*Your goal:* What you give back from the listing below should be an exact copy of the lines from the one with "70 Dolores Road, Toronto, Ontario" down to the one with "红旗区四片 3室1厅1卫 2100.0元/月 红旗区四片", and it should contain no pictures.

>>>

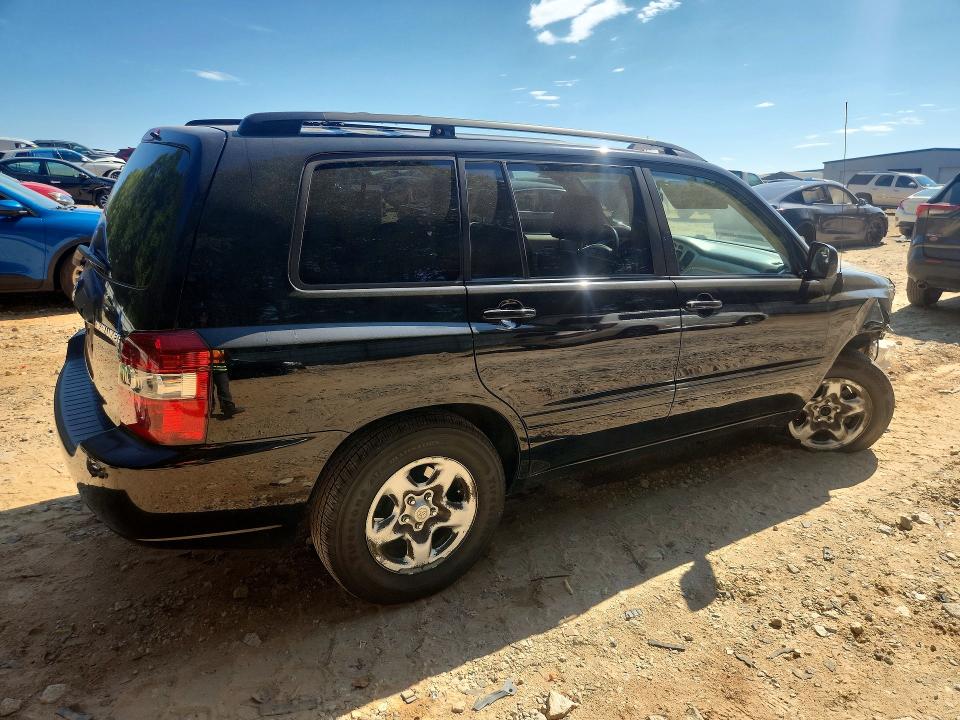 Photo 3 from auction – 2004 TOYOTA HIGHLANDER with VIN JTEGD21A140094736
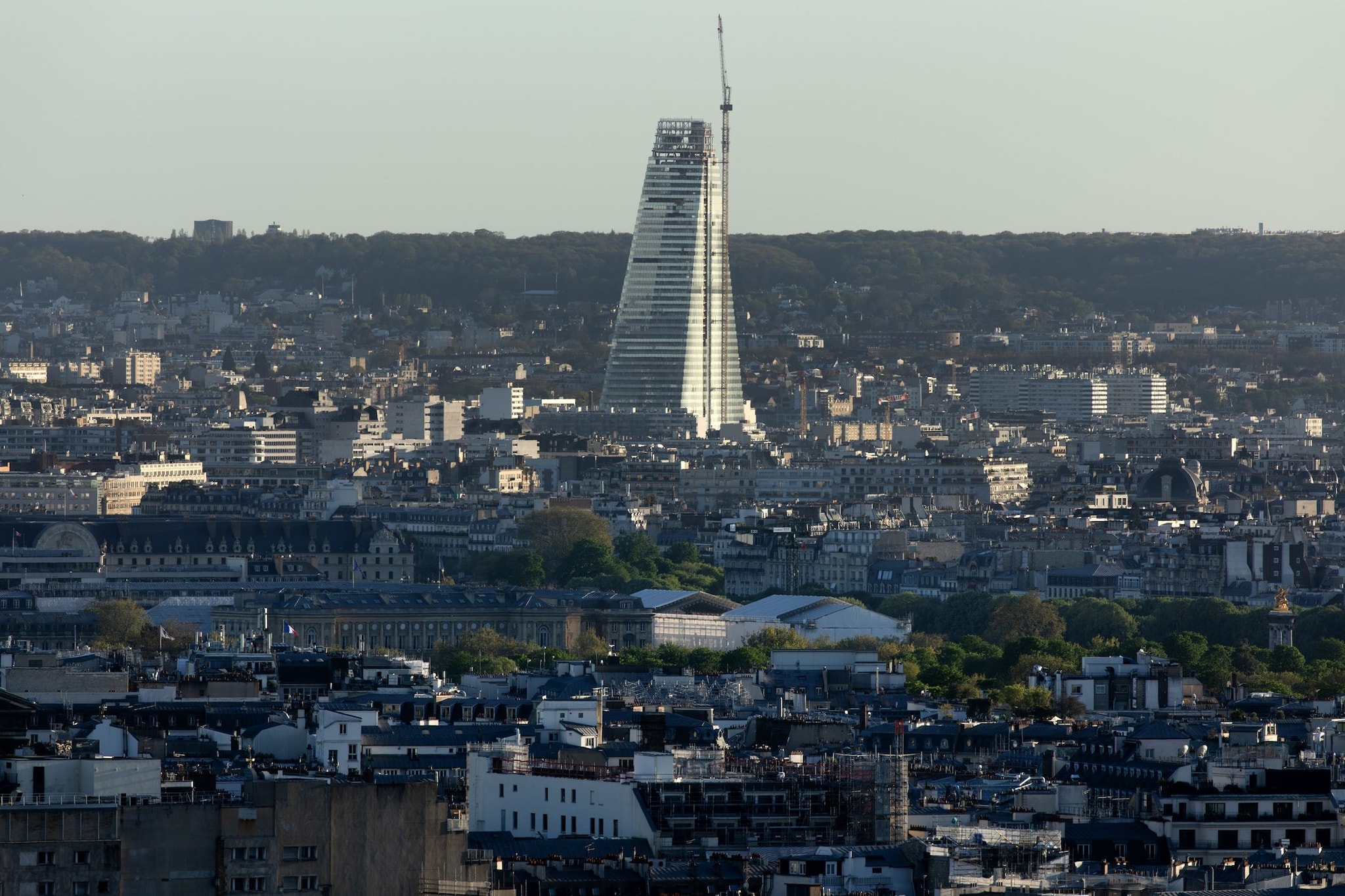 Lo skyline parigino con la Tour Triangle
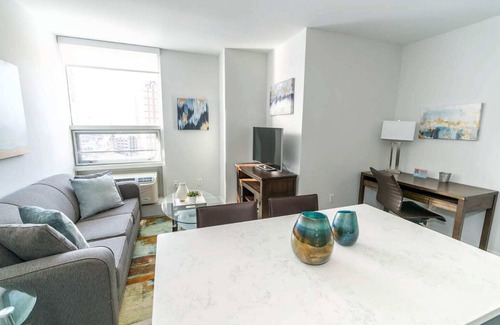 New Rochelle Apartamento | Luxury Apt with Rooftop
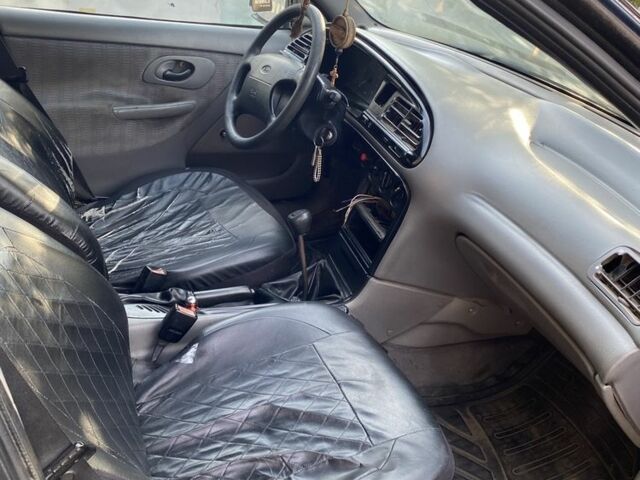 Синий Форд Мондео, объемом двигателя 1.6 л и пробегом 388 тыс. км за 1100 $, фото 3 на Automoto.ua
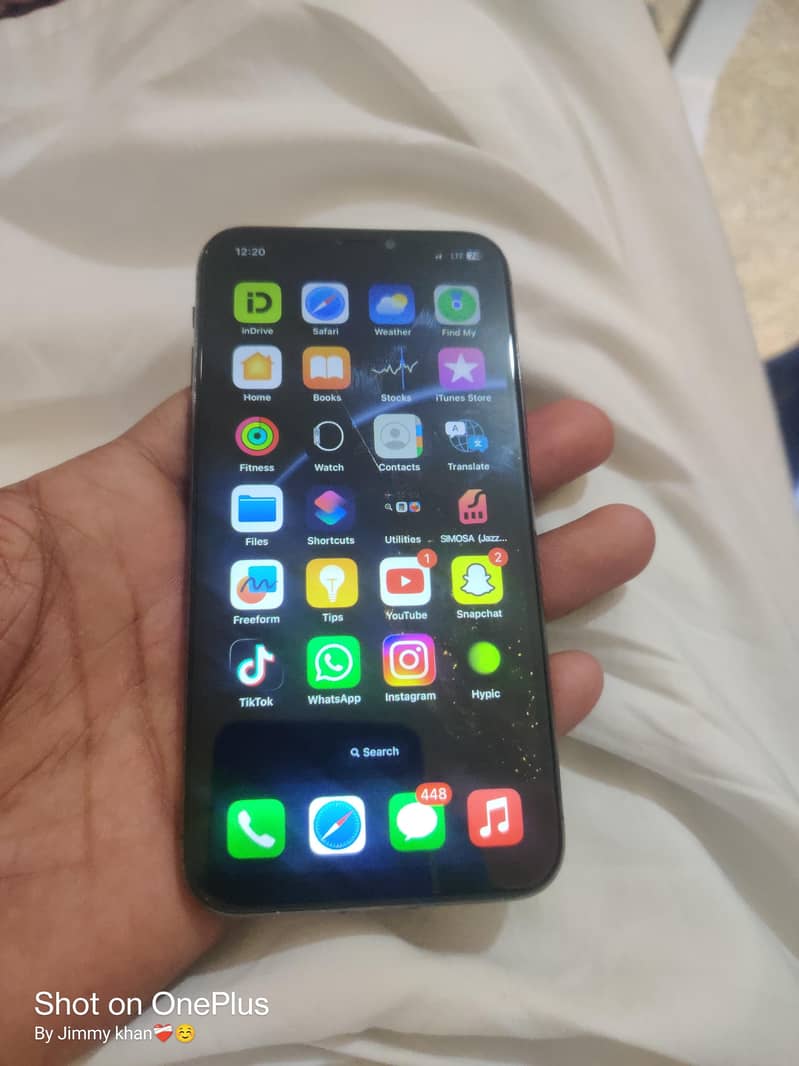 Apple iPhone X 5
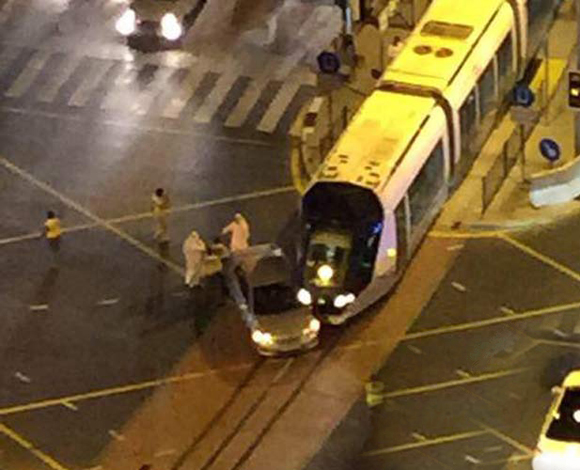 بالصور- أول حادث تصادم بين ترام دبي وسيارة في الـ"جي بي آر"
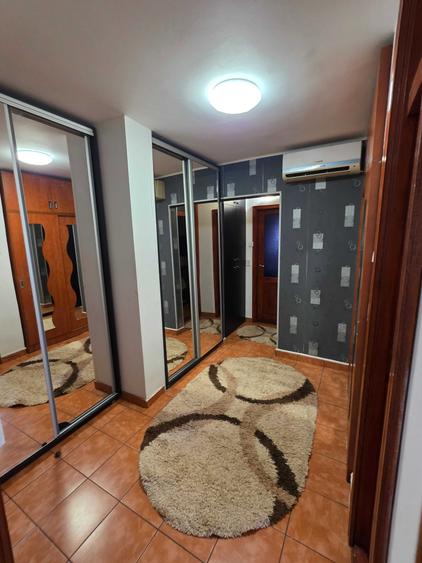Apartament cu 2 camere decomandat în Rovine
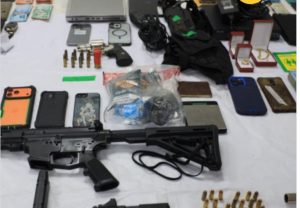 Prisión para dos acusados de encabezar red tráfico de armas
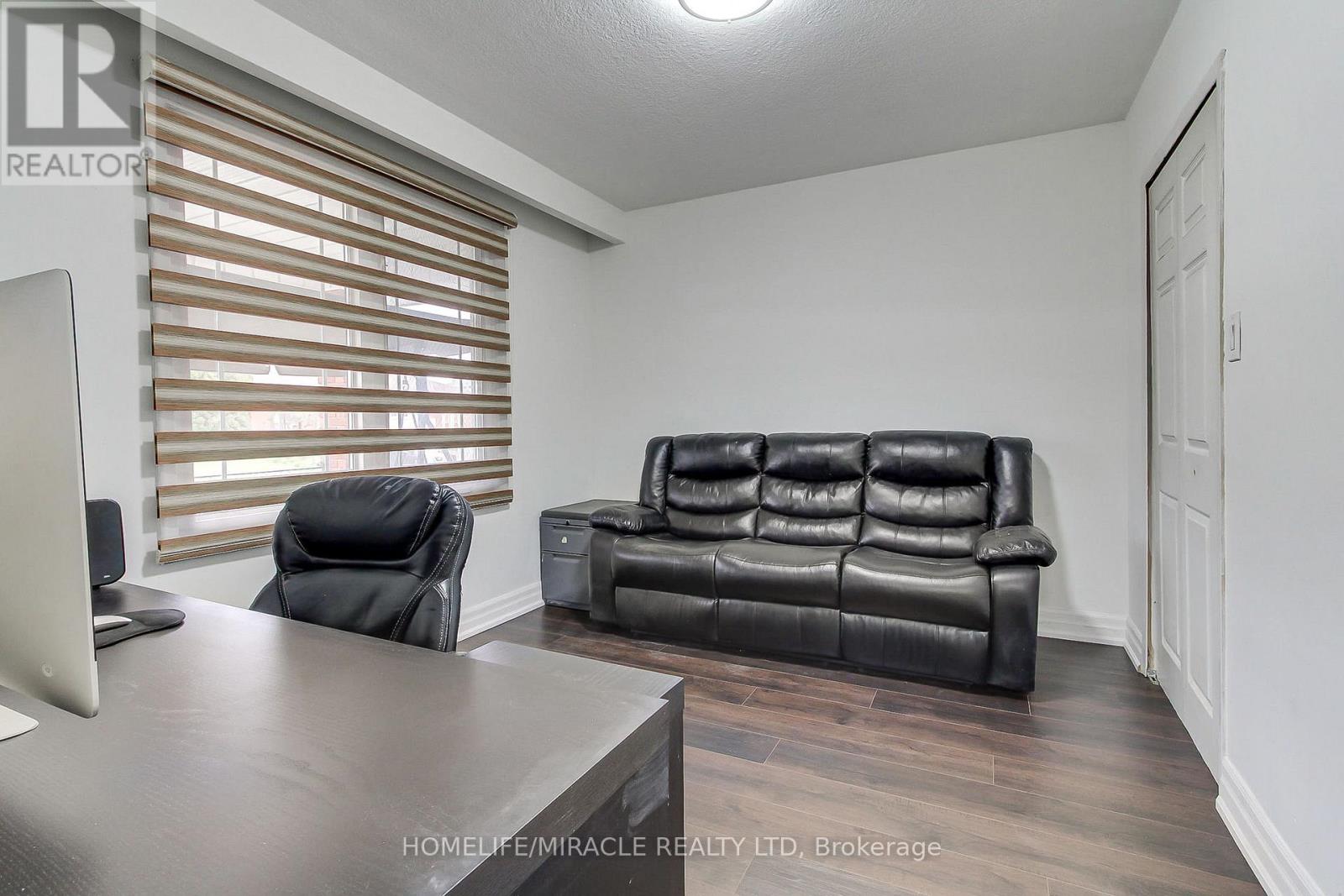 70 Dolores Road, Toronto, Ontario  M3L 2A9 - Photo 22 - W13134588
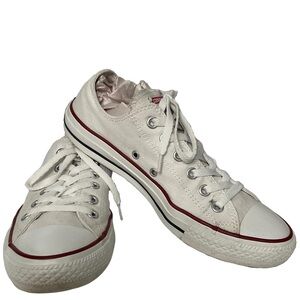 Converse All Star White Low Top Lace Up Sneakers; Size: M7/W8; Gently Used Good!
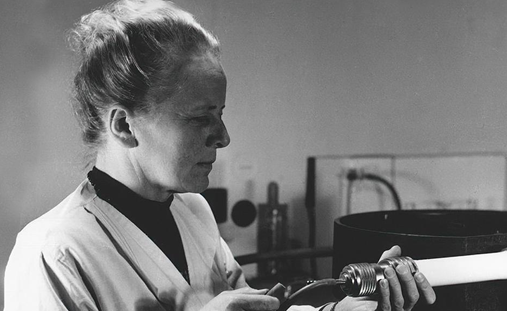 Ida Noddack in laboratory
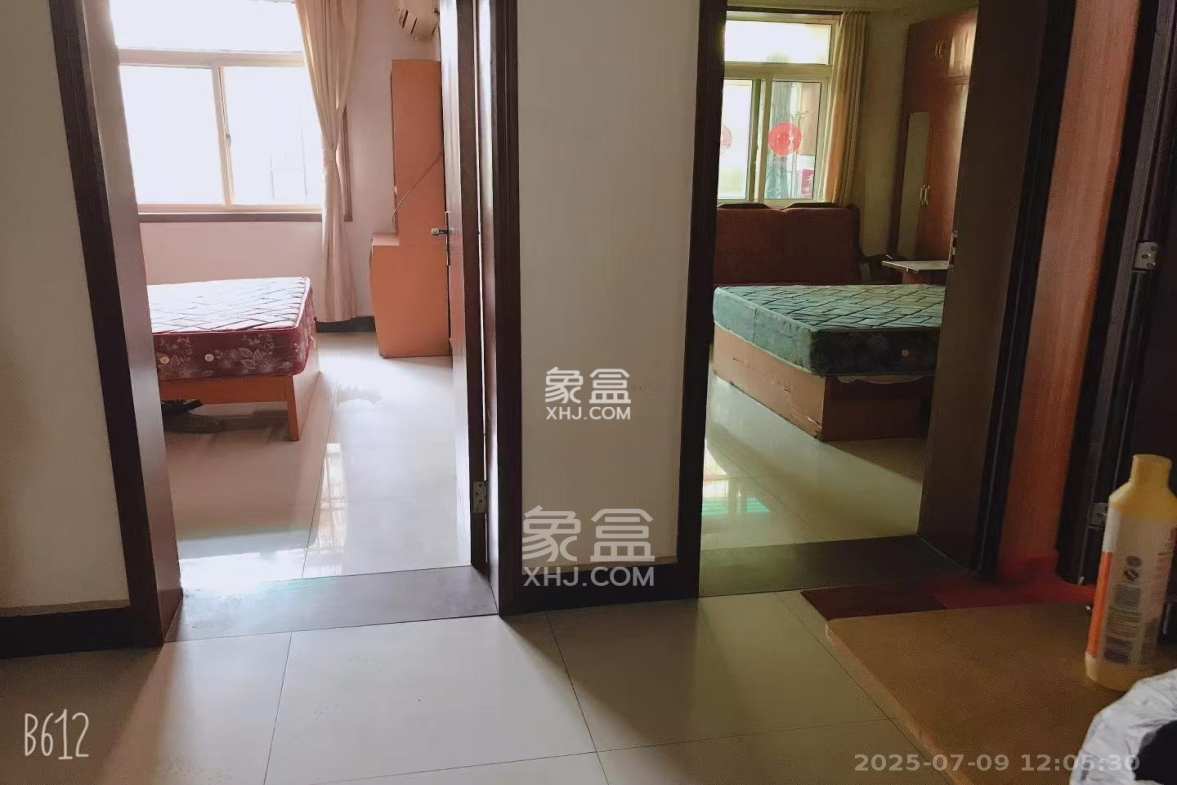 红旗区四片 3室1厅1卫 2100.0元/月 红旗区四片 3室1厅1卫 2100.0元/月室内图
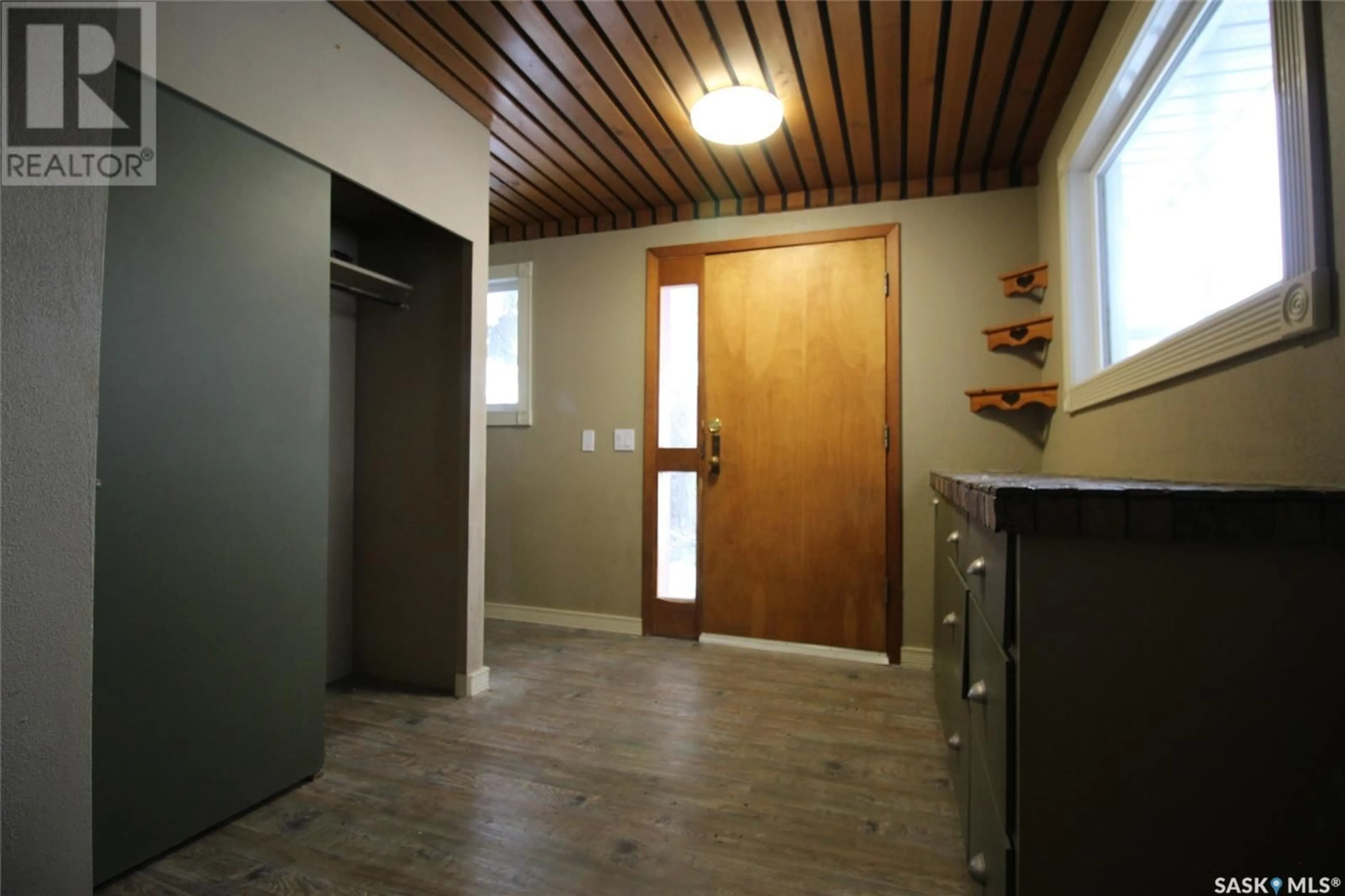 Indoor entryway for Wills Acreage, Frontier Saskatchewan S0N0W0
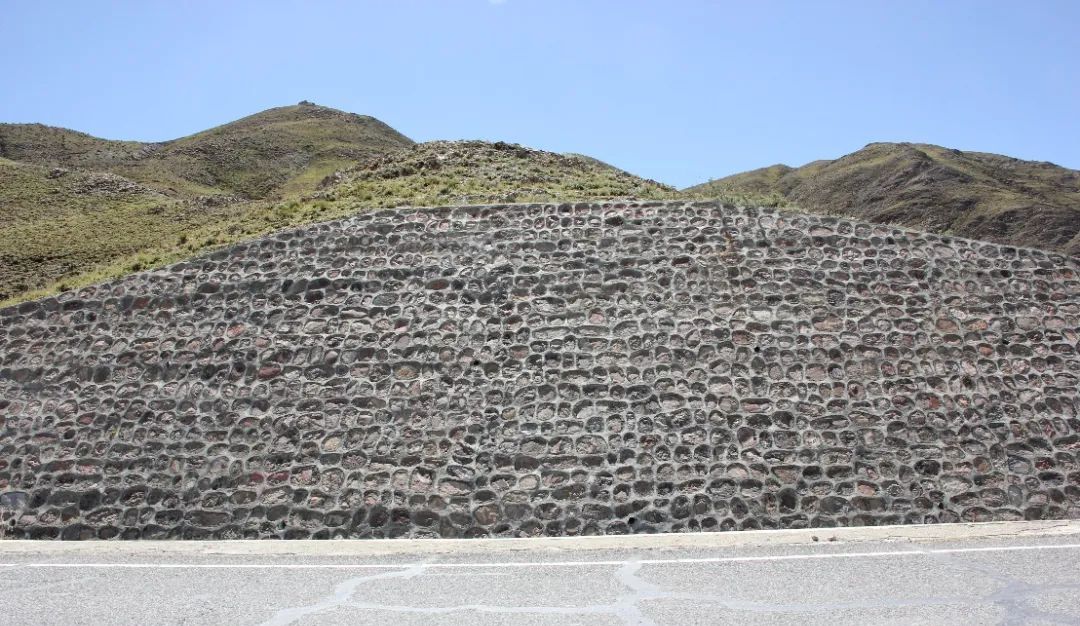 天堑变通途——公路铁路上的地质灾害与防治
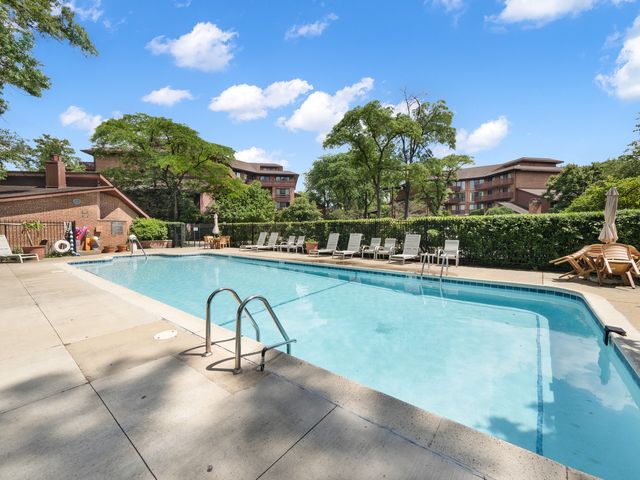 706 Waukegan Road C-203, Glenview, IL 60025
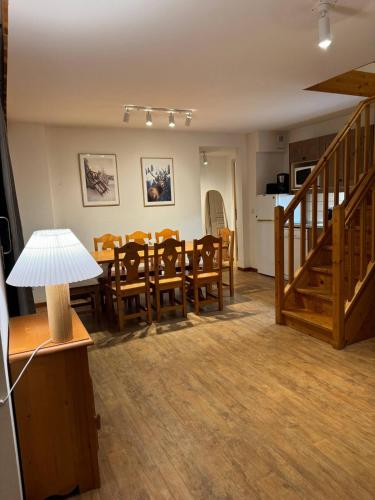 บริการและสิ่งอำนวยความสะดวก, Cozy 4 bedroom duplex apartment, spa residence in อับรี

<<<

*Reply to the exercise:*
 70 Dolores Road, Toronto, Ontario  M3L 2A9 - Photo 22 - W13134588
 Converse All Star White Low Top Lace Up Sneakers; Size: M7/W8; Gently Used Good!
 Ida Noddack in laboratory
 红旗区四片 3室1厅1卫 2100.0元/月 红旗区四片 3室1厅1卫 2100.0元/月室内图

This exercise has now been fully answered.